— TASK INSTRUCTIONS —
From the entries below, print exactly the span beginning with the line holding "Etno Restoran in Serbia" and ending with the line holding "Sticker Strike Tree Art Collection", endpoints included, and skip any pictures.

Pictures with short captions:
══════════════════════════════
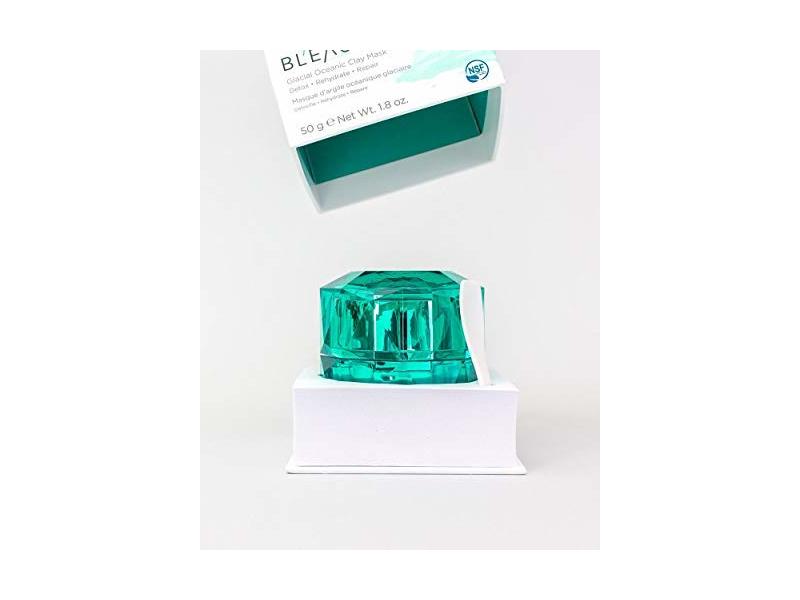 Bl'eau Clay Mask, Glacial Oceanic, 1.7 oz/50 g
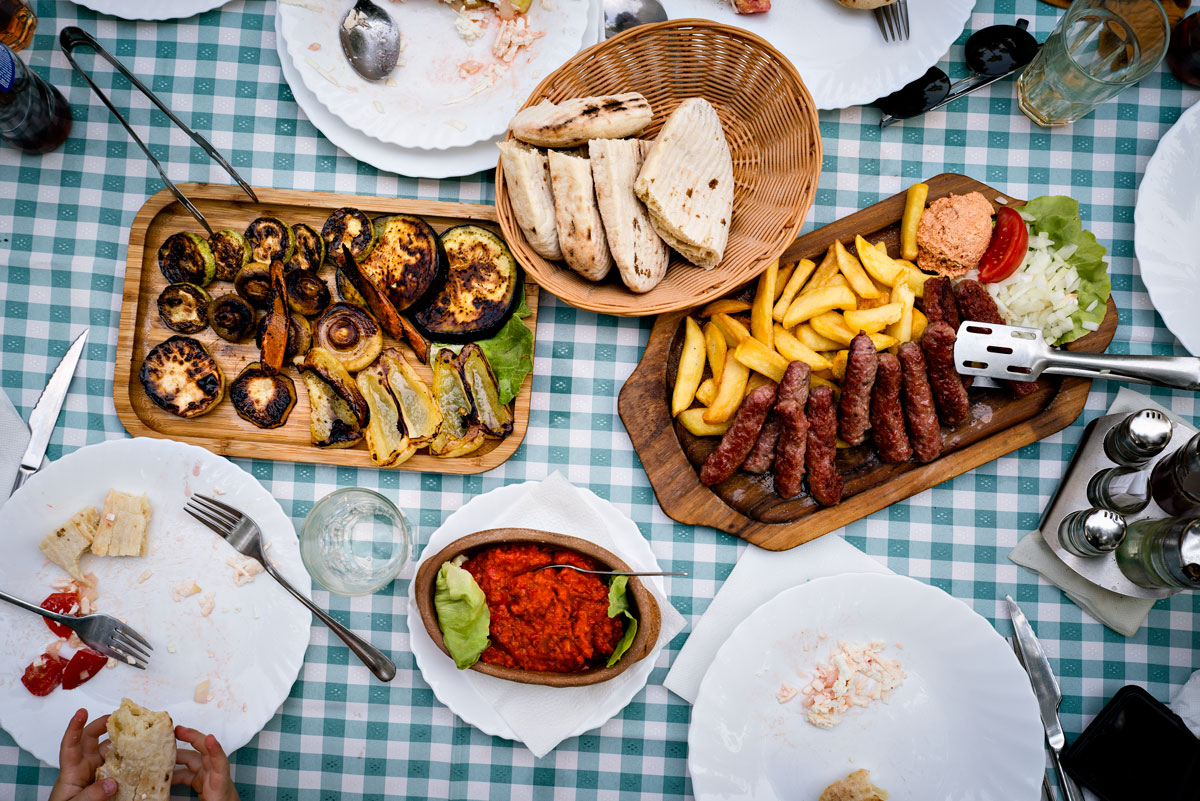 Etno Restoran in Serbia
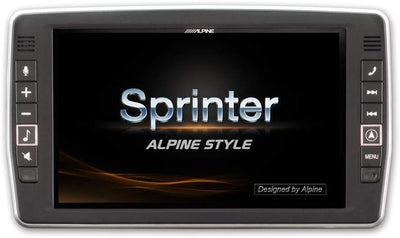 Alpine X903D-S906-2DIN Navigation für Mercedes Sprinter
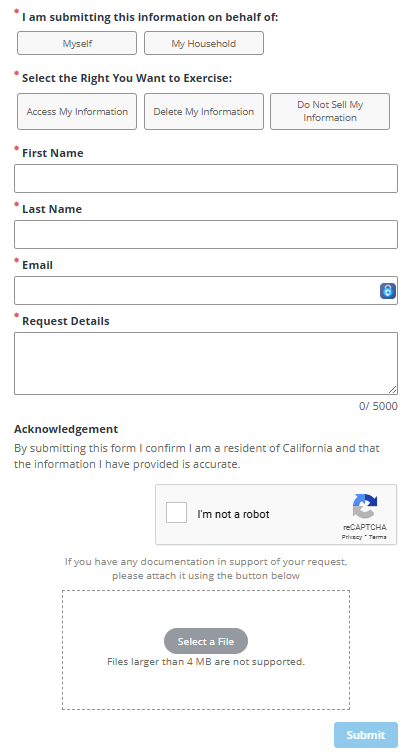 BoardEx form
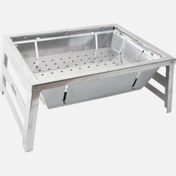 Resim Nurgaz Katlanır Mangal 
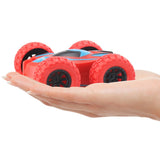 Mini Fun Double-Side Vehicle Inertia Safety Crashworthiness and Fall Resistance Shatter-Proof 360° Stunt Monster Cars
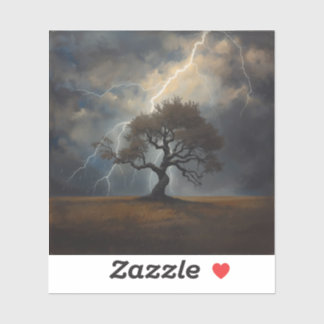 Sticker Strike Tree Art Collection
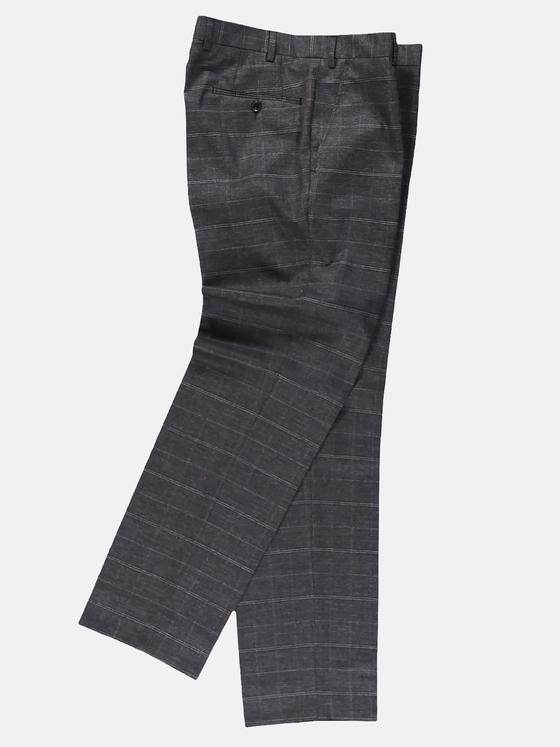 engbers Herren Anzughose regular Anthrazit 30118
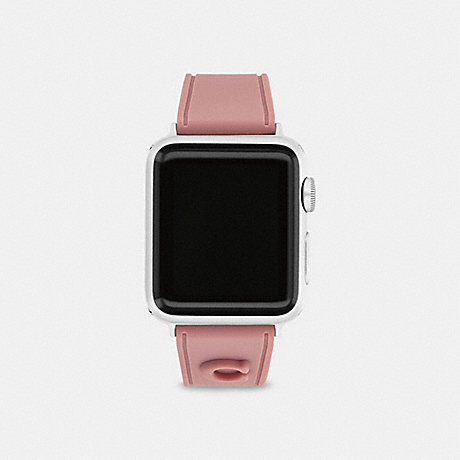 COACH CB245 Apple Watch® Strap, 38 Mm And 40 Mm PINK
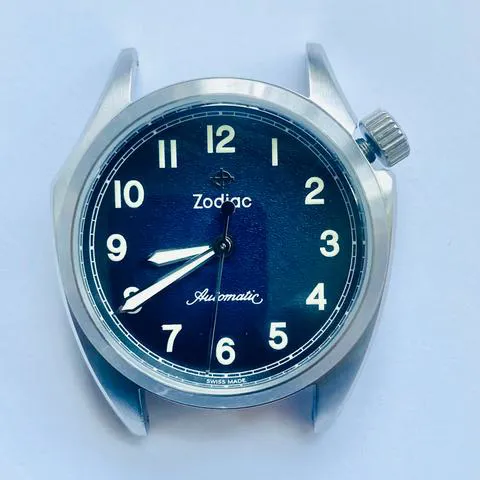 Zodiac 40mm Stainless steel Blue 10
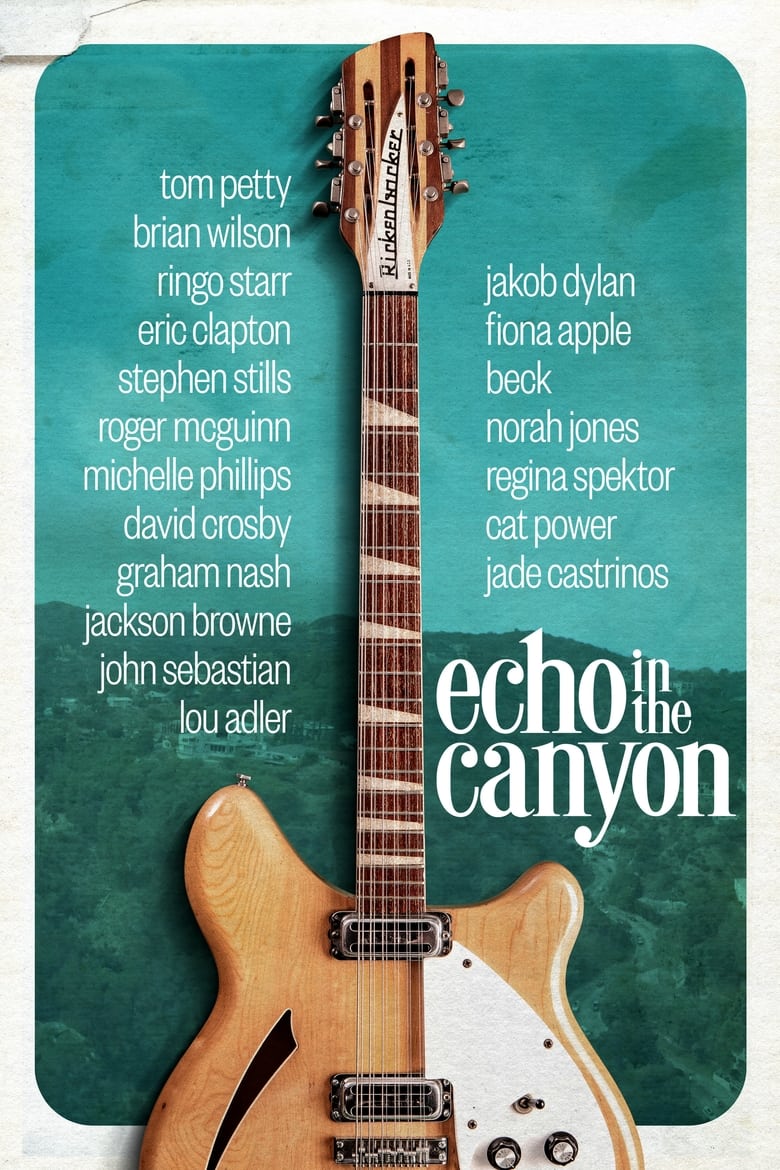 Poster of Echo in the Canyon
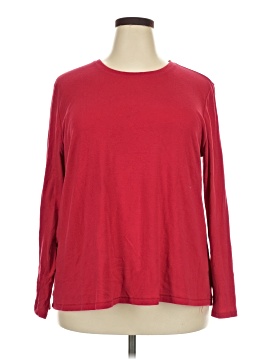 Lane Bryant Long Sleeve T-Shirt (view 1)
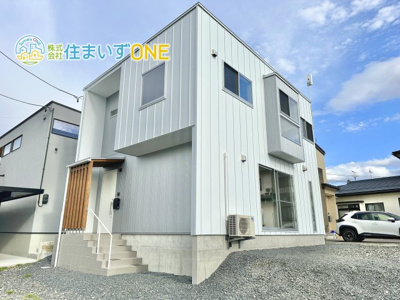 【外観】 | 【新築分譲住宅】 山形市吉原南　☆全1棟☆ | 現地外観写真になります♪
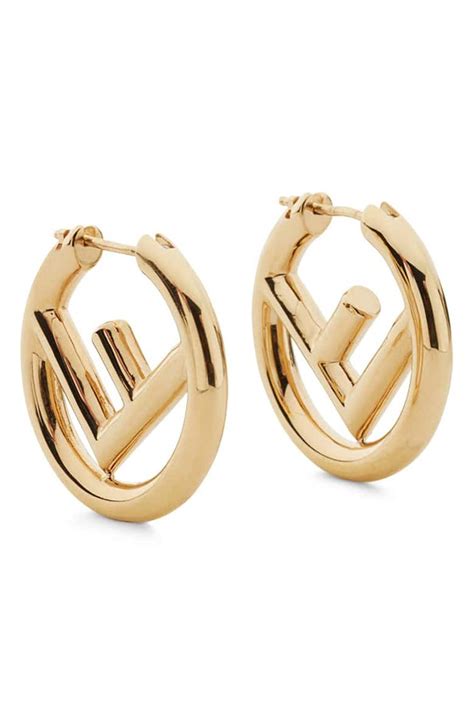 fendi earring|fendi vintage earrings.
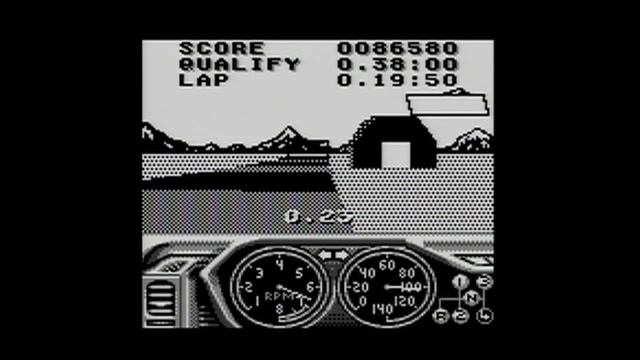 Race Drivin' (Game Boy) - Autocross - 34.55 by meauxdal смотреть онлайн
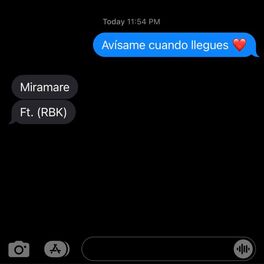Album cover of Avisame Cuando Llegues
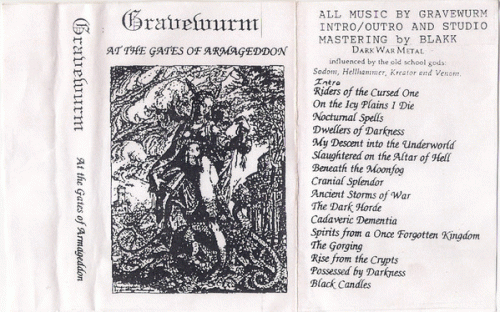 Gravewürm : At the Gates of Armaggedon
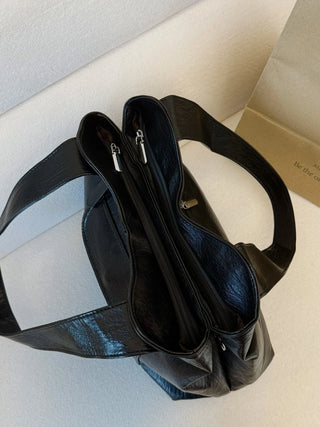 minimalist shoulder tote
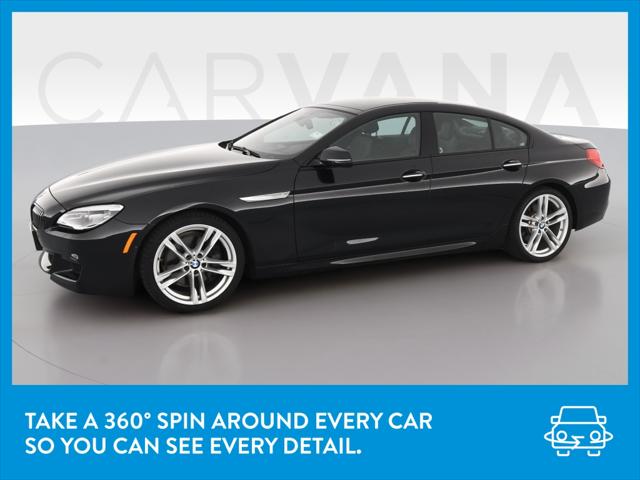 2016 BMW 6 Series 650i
══════════════════════════════
— ANSWER TO THE PROBLEM —
 Etno Restoran in Serbia
 Alpine X903D-S906-2DIN Navigation für Mercedes Sprinter
 BoardEx form
 Resim Nurgaz Katlanır Mangal 
 Mini Fun Double-Side Vehicle Inertia Safety Crashworthiness and Fall Resistance Shatter-Proof 360° Stunt Monster Cars
 Sticker Strike Tree Art Collection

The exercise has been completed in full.